Saturday, March 29, 2008

Browse Instantly

Paige and I have been using Netflix's Watch Instantly feature a lot lately. When it first launched, I was maxing out my 10 hours of "credit" within a weekend plus a day, for episodes of Dr. Who, obscure movies I didn't care enough to see in theaters, and classics (Day the Earth Stood Still, etc). That is to say, I was already a fan when they revised the policy to grant unlimited hours to Netflix customers. I hope the trend continues and more movies get added to the instant feature. I love it!

Sunday, March 23, 2008

An easterless Easter

I woke up at 6 with anxiety around some of my work projects. I don't normally have anxiety, but because I'll be moving soon and I'm trying to maintain the highest possible standard for delivering results that nobody else can deliver, simultaneously, I'm experiencing it now. I have some stuff due tomorrow that needs to be good. Well, it needs to be done -- on the platform proscribed by our organization which means it won't necessarily be good, just correct. These days, more and more, correct passes for good in my organization. (It's one reason why, IMHO, the American corporation is on the decline.)

I took a shower, made coffee and went back upstairs to read in bed until Paige woke up. She was stirring already, so we just relaxed for a few minutes. I realized then that I hadn't done anything Eastery, at all. Didn't color eggs, no church (obviously), we don't eat ham or pork or other traditionally Easterish dishes... And I was a little sad. It's hot today. Hot. High 80s here, low 90s inland.

I worked from 8am until 9am, then I did yoga (missed your call M&T, during that time). I'm leaving the house in a few minutes to teach my only class of the day, at 11. I think Paige will do my class today and then we'll see what sort of lunch we feel like -- probably a big salad comprised of veggies from the farmer's market that we got yesterday, and croquettes.

About 2 p.m. we'll take our regular Sunday nap. I'll then come back to the computer. Paige may continue watching Season 2 of The Office on Netflix On Demand. I'll listen. We'll take a walk -- maybe in the neighborhood across Beach -- and talk about moving, Southern California, yoga, Durham, school, people we know, dreams we've had the last few nights, and books we're reading. Then we'll come home, find something to munch on, and go to bed.

It's a nice Sunday, but not Eastery. Perhaps there's still time to change that.

Monday, March 17, 2008

Decison '08

Davis was great. We loved it. The folks were very enjoyable. The farmer's market was amazing -- packed with people, superior food and produce. Downtown was adorable, with houses, businesses, restaurants and cafes all lovely, inviting and totally livable. Even the train from Oakland to Davis was a breeze. All the seats have power outlets and there's free wifi if you need it. I can hardly believe what a simple move that would be. The largest store in Davis is ACE Hardware, for goodness sake!

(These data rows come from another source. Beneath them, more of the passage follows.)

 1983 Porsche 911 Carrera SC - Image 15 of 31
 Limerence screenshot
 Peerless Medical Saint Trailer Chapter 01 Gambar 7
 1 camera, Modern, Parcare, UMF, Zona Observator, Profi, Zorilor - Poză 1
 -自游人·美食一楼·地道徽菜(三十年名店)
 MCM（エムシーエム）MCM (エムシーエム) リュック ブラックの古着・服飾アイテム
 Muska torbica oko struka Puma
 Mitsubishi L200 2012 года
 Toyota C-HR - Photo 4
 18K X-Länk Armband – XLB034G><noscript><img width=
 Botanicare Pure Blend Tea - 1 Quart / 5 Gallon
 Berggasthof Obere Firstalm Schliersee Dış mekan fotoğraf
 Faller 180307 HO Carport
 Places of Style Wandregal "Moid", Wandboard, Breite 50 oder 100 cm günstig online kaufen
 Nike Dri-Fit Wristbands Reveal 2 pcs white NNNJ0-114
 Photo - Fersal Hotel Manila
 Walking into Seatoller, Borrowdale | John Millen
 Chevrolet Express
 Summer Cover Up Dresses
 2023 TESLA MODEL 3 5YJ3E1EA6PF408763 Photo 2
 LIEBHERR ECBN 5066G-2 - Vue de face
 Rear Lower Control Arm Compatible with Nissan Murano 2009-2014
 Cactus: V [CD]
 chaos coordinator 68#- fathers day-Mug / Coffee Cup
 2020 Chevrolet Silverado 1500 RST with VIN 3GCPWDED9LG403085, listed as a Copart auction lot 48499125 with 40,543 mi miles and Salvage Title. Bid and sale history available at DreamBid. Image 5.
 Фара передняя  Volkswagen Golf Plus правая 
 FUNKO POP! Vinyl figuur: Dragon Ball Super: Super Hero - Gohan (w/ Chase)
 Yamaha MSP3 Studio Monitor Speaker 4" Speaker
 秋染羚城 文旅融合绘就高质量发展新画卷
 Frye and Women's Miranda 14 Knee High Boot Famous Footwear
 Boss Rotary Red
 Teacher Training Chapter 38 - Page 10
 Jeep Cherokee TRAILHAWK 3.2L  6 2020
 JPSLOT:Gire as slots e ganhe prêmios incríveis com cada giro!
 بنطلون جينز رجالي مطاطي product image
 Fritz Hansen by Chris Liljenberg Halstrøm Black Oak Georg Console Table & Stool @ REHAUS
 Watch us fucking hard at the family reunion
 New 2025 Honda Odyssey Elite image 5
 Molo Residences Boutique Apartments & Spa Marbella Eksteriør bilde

All that said, the program Paige would be a part of is struggling for funding and the general atmosphere isn't one of "we got your back." It's more like: "We got your side, mostly, but you have to get your own front and back, and your other side. Also, I tend to slip every now and then and may leave you open to a flanking." It's not like you're exposed, its just that the resources really aren't there in the same way that they are at, say, Duke. It's a UC -- what can one expect? Wonderful academic scholarship comes from the faculty at Davis, and Paige fully intends to stay in touch with people there. But when it comes to giving her access to what she wants to be successful throughout her doctorate and beyond... Well, maybe Davis can hire her when she's done and we can go be a part of that community then.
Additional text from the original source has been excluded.